◆ **Directions for this task**
Repeat the stretch of entries below from the line with "Beige cargos regular" through the line with "4680 Hawks Nest Way - Photo 0". Include both ends and add nothing.

◆ **Listed entries**
----
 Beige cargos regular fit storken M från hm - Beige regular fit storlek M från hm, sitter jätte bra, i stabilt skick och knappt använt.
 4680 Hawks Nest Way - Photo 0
----
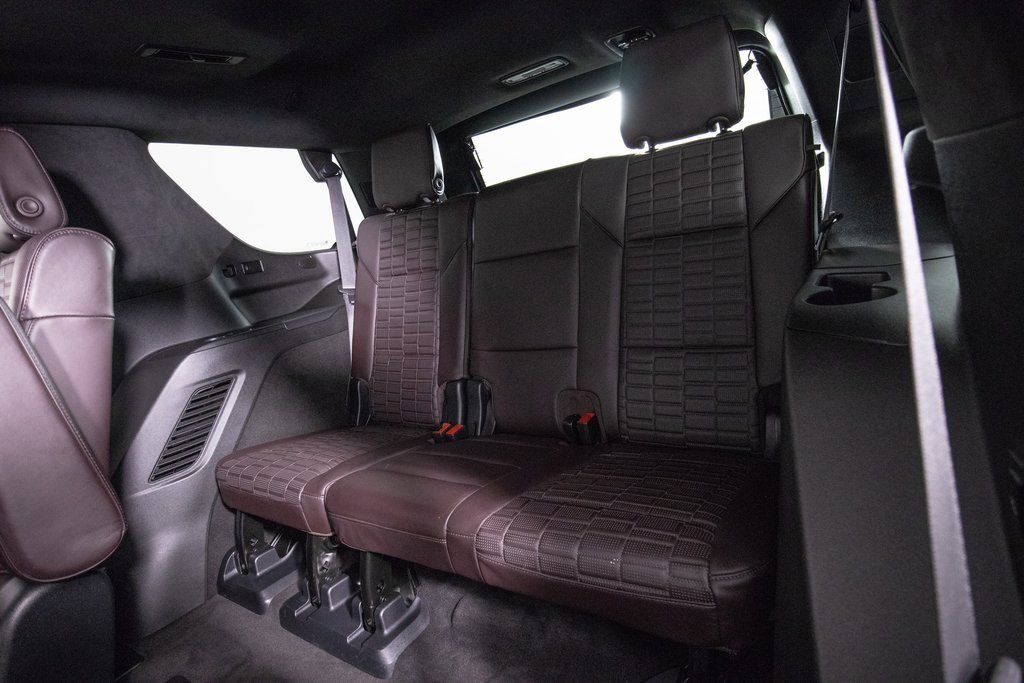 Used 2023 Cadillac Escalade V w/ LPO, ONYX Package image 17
----
◆ **Written response**
 Beige cargos regular fit storken M från hm - Beige regular fit storlek M från hm, sitter jätte bra, i stabilt skick och knappt använt.
 4680 Hawks Nest Way - Photo 0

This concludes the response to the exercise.